As a native Portuguese and french speaker Catalan is VERY understandable!
Hi Paul! I'm from València and i speak the Valencian dialect of Catalan. In my region is usually to find people who says the valencian and the catalan are saparated languages, but they were influenced by one corrupt political party in the transition period from the dictatorial era of Franco to the democratical era. Before this, all people in València said that valencian and catalan were the same language. Fortunately, the actual government of València is trying to keep the language alive, but there are people calling them "catalanistes" (catalanists) because they think the government wants to convert València in Catalonia and It is false. They only want to keep the Valencian dialect alive. Sorry for my mistakes, I've studied english for a while but i don't think i'm good at all.
If you think Valencian is a dialect of Catalan, you should answer this questions:
-Why Valencian has a Golden age of its literature (Jordi de Sant Jordi, Joanot Martorell, Ausias March...) and Catalan doesn't? es.wikipedia.org/wiki/Siglo_de_Oro_valenciano
-Why classical authors of Valencian literature considered they wrote in Valencian centuries ago? Were they anti-Catalan?

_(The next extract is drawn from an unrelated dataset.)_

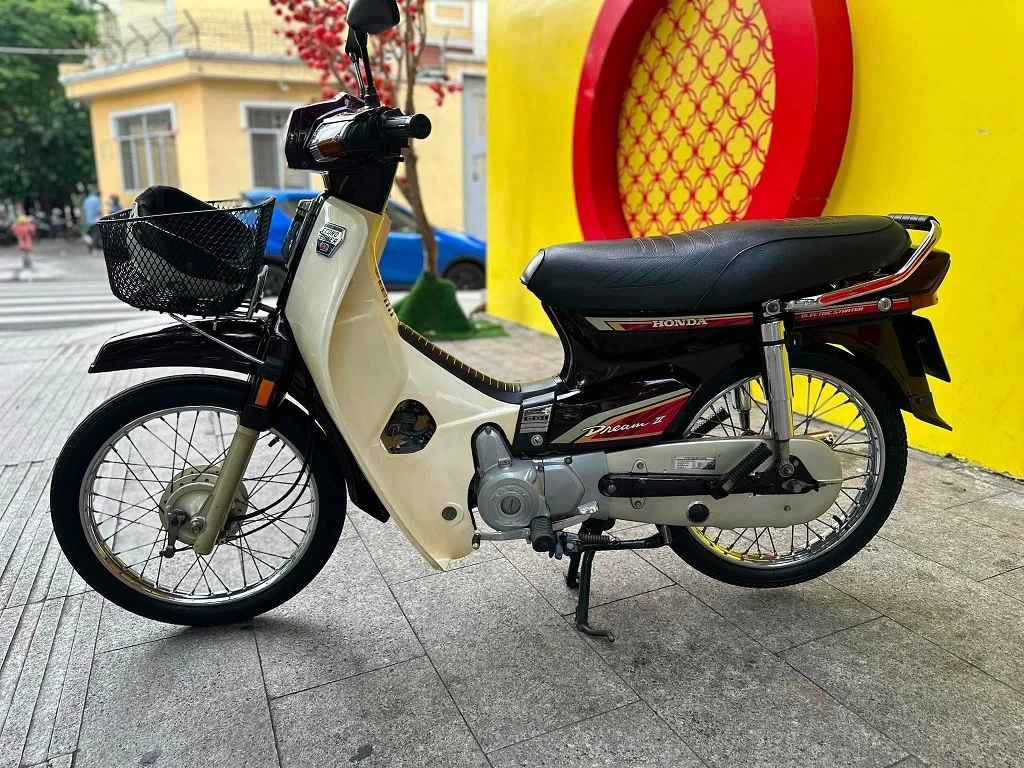 Honda Dream Thái 7 số hơn 30 năm tuổi, sơn zin giá 120 triệu đồng - Hình 1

-Why those books used to be translated into Catalan (and viceversa) centuries ago?
-Why classical books written in Valencian, which are located at he National Library, where cataloged since the begining as 'written in Valencian' until a CATALAN writter (Rosa Regas, director of that institution) changed that denomination and said that they are NOW written in CATALAN? www.abc.es/hemeroteca/historico-26-05-2005/abc/Valencia/la-biblioteca-nacional-catalogara-las-obras-en-valenciano-como-catalan_202717846580.html
--Why the Catalan Government finances Valencian institutions and urge them to teach Catalan to the detriment of
Valencian at schools in the Valencian Community and in the Balearic Islands?
I can answer most:
Why the Golden age of Arab literature was written msotly by Persian and Egyptian authors and not ones from the Arabic Peninsula. That's because a language is not defined by were their msot famous authors are, but from the region it originated. Catalan originated in Catalonia, so the question is very irrelevant.
-Porque el mismo motivo que hay autores que dicen escribir en flamenco y otros que dicen escribir en neerlandés, (A pesar de que está claro que neerlandés y flamenco son la misma lengua) distintas concepciones socioculturales.
-Hubo traducciones de la Biblia de Lutero a por ejemplo otros dialectos medios del alemán (no hablo de Boarisch ni de Platt). Eso no lo ahce distinto, la traducción interlingüística existe.
-Por que la AVL (La Academia Valenciana de la Lengua) dictaminó que según todos los estudios filológicos el valenciano forma parte del sistema lingüístico catalán. O sea es un cambio que se hizo en base a criterios académicos y lingüísticos.
-Por el mismo motivo que se pide que las zonas de Cataluña que no hablan catalán estándar, que está fuertemente basado en en el catalán central (Como Lleida) hablen el estándar. Personalmente, si quieren aplicar un estándar distinto basado en su dialecto, me parece genial. Como si en Andalucía deciden aplicar un estándar distinto y escribir el español como se pronuncia allí. Pero eso no hace que el español y el andaluz sean dos idiomas distintos,
Por cierto te has dado cuenta de que 0 de los argumentos que has dado han sido lingüísticos (literarios y políticos), a pesar de que estos deberían ser los principales para la defensa de que el catalán y el valenciano son distintos idiomas.
Corrupt like Pujol?
Great answer. Catalan is the ''mother'' of valencian or balear, that's all
Catalan is not the "mother" of Valencian or Balear. Valencian and Balear ARE Catalan. It's the same as when you say "Andaluz" to refer to a regional variety of Spanish spoken in Andalucía. You don't say that Spanish is the "mother" of Andalucian. Andalucian IS Spanish.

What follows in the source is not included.